§ **Task to complete**
Output every record exactly, and nothing more.

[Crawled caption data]
=== Begin Enclosure ===
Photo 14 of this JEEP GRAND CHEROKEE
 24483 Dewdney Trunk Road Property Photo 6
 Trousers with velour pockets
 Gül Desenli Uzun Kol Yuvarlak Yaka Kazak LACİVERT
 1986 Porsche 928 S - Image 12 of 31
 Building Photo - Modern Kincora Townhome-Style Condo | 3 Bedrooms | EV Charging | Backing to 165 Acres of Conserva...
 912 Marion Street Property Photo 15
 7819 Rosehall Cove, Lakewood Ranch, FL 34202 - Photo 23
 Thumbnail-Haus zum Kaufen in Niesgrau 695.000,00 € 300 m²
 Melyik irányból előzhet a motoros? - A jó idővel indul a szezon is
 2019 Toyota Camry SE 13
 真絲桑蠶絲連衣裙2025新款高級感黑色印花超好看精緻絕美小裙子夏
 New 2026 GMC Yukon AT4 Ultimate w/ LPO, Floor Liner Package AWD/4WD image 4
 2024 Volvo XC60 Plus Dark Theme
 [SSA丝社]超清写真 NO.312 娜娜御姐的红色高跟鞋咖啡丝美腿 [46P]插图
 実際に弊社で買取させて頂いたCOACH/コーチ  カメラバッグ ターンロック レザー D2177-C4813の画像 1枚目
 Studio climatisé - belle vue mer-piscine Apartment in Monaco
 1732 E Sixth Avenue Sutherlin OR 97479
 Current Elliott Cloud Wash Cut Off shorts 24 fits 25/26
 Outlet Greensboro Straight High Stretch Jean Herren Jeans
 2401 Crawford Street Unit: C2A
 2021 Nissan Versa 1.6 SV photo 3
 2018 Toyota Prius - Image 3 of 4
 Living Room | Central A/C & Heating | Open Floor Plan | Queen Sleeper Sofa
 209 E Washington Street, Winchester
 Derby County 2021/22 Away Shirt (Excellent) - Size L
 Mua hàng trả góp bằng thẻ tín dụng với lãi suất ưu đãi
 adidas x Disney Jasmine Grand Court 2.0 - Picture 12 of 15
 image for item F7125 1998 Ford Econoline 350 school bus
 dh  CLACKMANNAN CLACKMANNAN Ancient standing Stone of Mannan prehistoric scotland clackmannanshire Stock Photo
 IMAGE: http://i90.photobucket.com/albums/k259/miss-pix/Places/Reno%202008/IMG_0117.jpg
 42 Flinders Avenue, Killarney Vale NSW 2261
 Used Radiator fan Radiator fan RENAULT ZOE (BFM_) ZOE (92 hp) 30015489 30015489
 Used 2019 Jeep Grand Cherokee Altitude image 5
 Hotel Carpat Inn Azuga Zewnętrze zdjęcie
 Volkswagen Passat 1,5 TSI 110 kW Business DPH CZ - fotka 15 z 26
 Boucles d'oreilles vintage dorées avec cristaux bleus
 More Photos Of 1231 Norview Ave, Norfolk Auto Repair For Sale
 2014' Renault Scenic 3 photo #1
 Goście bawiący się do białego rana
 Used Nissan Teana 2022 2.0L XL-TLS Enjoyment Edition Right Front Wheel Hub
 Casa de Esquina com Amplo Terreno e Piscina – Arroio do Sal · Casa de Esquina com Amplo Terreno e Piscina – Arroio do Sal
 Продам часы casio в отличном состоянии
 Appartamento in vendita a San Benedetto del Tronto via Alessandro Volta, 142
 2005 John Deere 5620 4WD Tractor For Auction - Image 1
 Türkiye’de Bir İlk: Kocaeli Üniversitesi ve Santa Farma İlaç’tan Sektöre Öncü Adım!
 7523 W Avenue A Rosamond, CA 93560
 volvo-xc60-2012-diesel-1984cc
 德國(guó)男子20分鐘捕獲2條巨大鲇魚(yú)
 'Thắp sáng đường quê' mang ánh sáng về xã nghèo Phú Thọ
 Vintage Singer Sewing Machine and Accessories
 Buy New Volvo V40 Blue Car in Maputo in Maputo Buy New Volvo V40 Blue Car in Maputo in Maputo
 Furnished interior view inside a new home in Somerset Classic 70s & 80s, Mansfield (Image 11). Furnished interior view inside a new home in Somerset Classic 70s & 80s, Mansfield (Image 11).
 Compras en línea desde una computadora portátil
=== End Enclosure ===
§ **Task result**
Photo 14 of this JEEP GRAND CHEROKEE
 24483 Dewdney Trunk Road Property Photo 6
 Trousers with velour pockets
 Gül Desenli Uzun Kol Yuvarlak Yaka Kazak LACİVERT
 1986 Porsche 928 S - Image 12 of 31
 Building Photo - Modern Kincora Townhome-Style Condo | 3 Bedrooms | EV Charging | Backing to 165 Acres of Conserva...
 912 Marion Street Property Photo 15
 7819 Rosehall Cove, Lakewood Ranch, FL 34202 - Photo 23
 Thumbnail-Haus zum Kaufen in Niesgrau 695.000,00 € 300 m²
 Melyik irányból előzhet a motoros? - A jó idővel indul a szezon is
 2019 Toyota Camry SE 13
 真絲桑蠶絲連衣裙2025新款高級感黑色印花超好看精緻絕美小裙子夏
 New 2026 GMC Yukon AT4 Ultimate w/ LPO, Floor Liner Package AWD/4WD image 4
 2024 Volvo XC60 Plus Dark Theme
 [SSA丝社]超清写真 NO.312 娜娜御姐的红色高跟鞋咖啡丝美腿 [46P]插图
 実際に弊社で買取させて頂いたCOACH/コーチ  カメラバッグ ターンロック レザー D2177-C4813の画像 1枚目
 Studio climatisé - belle vue mer-piscine Apartment in Monaco
 1732 E Sixth Avenue Sutherlin OR 97479
 Current Elliott Cloud Wash Cut Off shorts 24 fits 25/26
 Outlet Greensboro Straight High Stretch Jean Herren Jeans
 2401 Crawford Street Unit: C2A
 2021 Nissan Versa 1.6 SV photo 3
 2018 Toyota Prius - Image 3 of 4
 Living Room | Central A/C & Heating | Open Floor Plan | Queen Sleeper Sofa
 209 E Washington Street, Winchester
 Derby County 2021/22 Away Shirt (Excellent) - Size L
 Mua hàng trả góp bằng thẻ tín dụng với lãi suất ưu đãi
 adidas x Disney Jasmine Grand Court 2.0 - Picture 12 of 15
 image for item F7125 1998 Ford Econoline 350 school bus
 dh  CLACKMANNAN CLACKMANNAN Ancient standing Stone of Mannan prehistoric scotland clackmannanshire Stock Photo
 IMAGE: http://i90.photobucket.com/albums/k259/miss-pix/Places/Reno%202008/IMG_0117.jpg
 42 Flinders Avenue, Killarney Vale NSW 2261
 Used Radiator fan Radiator fan RENAULT ZOE (BFM_) ZOE (92 hp) 30015489 30015489
 Used 2019 Jeep Grand Cherokee Altitude image 5
 Hotel Carpat Inn Azuga Zewnętrze zdjęcie
 Volkswagen Passat 1,5 TSI 110 kW Business DPH CZ - fotka 15 z 26
 Boucles d'oreilles vintage dorées avec cristaux bleus
 More Photos Of 1231 Norview Ave, Norfolk Auto Repair For Sale
 2014' Renault Scenic 3 photo #1
 Goście bawiący się do białego rana
 Used Nissan Teana 2022 2.0L XL-TLS Enjoyment Edition Right Front Wheel Hub
 Casa de Esquina com Amplo Terreno e Piscina – Arroio do Sal · Casa de Esquina com Amplo Terreno e Piscina – Arroio do Sal
 Продам часы casio в отличном состоянии
 Appartamento in vendita a San Benedetto del Tronto via Alessandro Volta, 142
 2005 John Deere 5620 4WD Tractor For Auction - Image 1
 Türkiye’de Bir İlk: Kocaeli Üniversitesi ve Santa Farma İlaç’tan Sektöre Öncü Adım!
 7523 W Avenue A Rosamond, CA 93560
 volvo-xc60-2012-diesel-1984cc
 德國(guó)男子20分鐘捕獲2條巨大鲇魚(yú)
 'Thắp sáng đường quê' mang ánh sáng về xã nghèo Phú Thọ
 Vintage Singer Sewing Machine and Accessories
 Buy New Volvo V40 Blue Car in Maputo in Maputo Buy New Volvo V40 Blue Car in Maputo in Maputo
 Furnished interior view inside a new home in Somerset Classic 70s & 80s, Mansfield (Image 11). Furnished interior view inside a new home in Somerset Classic 70s & 80s, Mansfield (Image 11).
 Compras en línea desde una computadora portátil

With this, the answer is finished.